Smiley face

Preventive Maintenance Program Implemented For County AC/Heating Units

Order Closing West End Of CR 3602 Approved

Hopkins County officials plan to get ahead of heating and air conditioning repair needs in the future with a preventive maintenance program.

After having issues with air conditioning units in more than one county office, Hopkins County Commissioners Court asked a business to go through county buildings to make recommendations for air conditioning maintenance issues. A preventive maintenance plan was recommended.
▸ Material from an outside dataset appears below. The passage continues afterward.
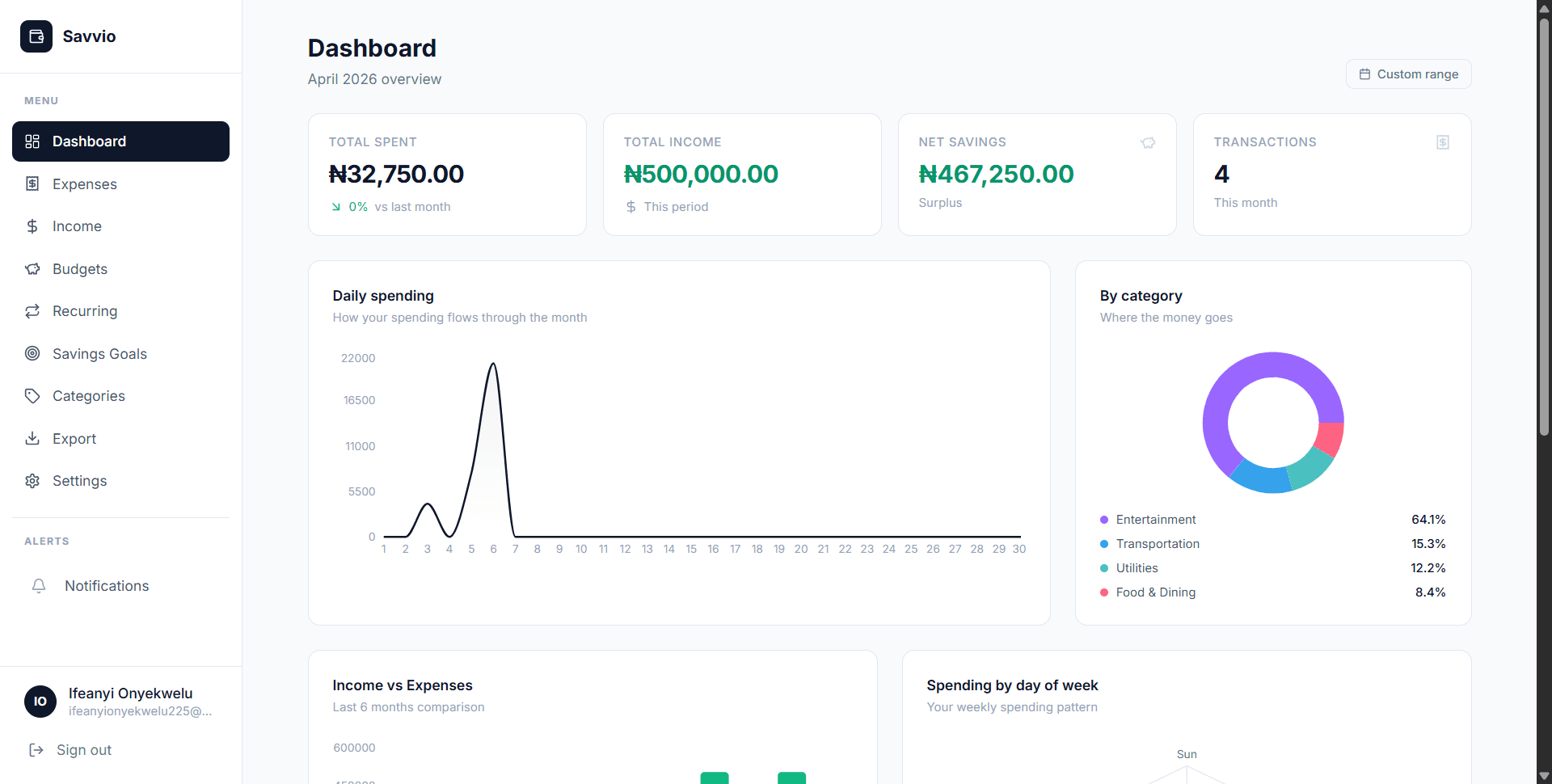 Savvio — Personal Finance Tracker built by Zephra Studio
Hopkins County Commissioners Court meeting

The matter was discussed by the court during a work session Monday morning, Dec. 14. At the regular Dec. 21 meeting, the Commissioners Court approved a preventive agreement with Williams Air Conditioning and Heating to check and maintain HVAC units in County building throughout Hopkins County and to recommend repairs if needed.
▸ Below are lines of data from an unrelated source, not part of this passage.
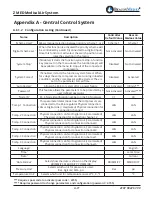 Предварительный просмотр 45 страницы BeaconMedaes Z MED Medical Air System Installation, Operation And Maintenance Instructions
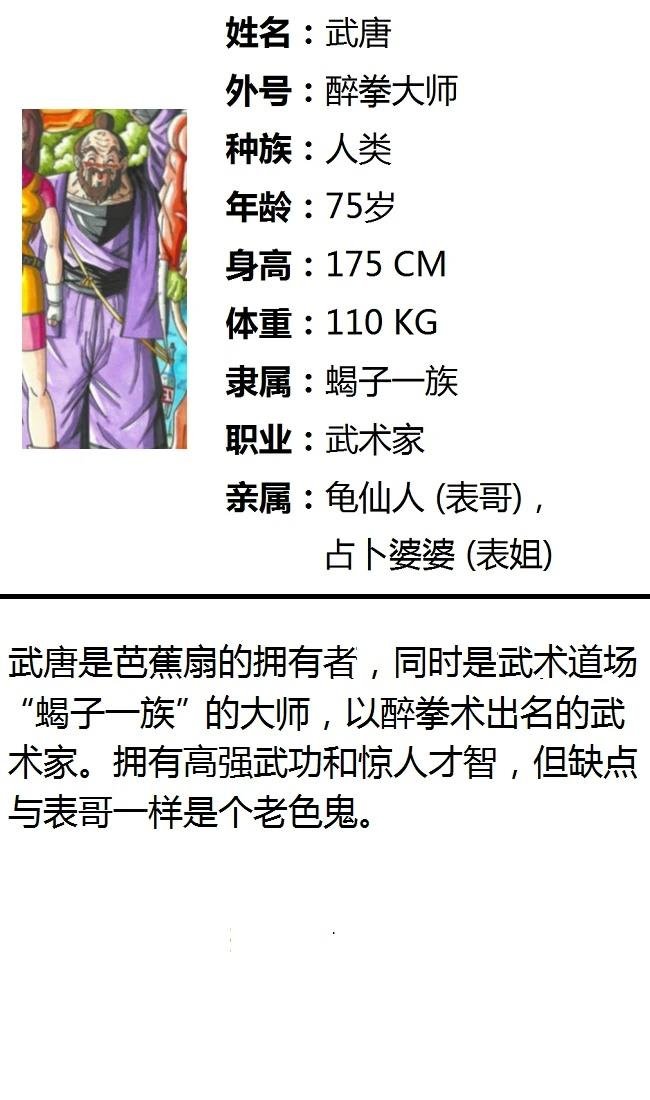 角色介绍+画集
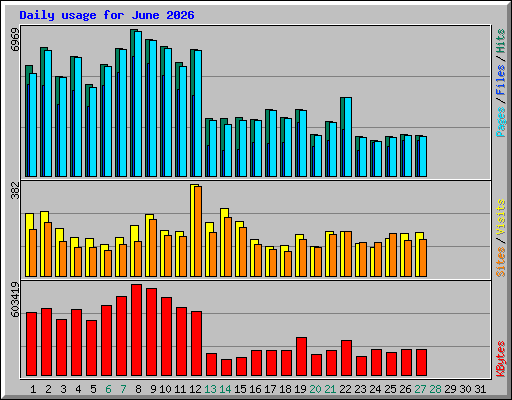 Daily usage for June 2026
“The amount for the entire county would be $9,728 the first year, plus $26,088 for the rest of the years, for a total of approximately $35-$36,000 to maintain this. Through our studies, we actually believe this is going to pay us back because the machinery will wear out less. We will maintain it better,” Hopkins County Judge Robert Newsom said.

Hopkins County Sheriff’s Office Chief Deputy Tanner Crump said a quote for another company offering a similar product for the jail that was $10,000. Williams’ quote was substantially less than that of his competitors, who have been used. The jail’s portion of the quote from Williams would be $2,500.

“It’s not just on repairs and maintenance but its on efficiency of the machine that’s operating,” Precinct 3 Commissioner Wade Bartley pointed out.

“We’ve never taken this step before of having a plan to maintain AC and heating. We think it will save money in the long run. This will be watched much more carefully than we’ve done in the past. Generally, we’ve waited until there was a problem, then reacted to it. The idea is to maintain what we have and try to make the equipment last longer,” Hopkins County Judge Robert Newsom said following the Dec. 14 work session.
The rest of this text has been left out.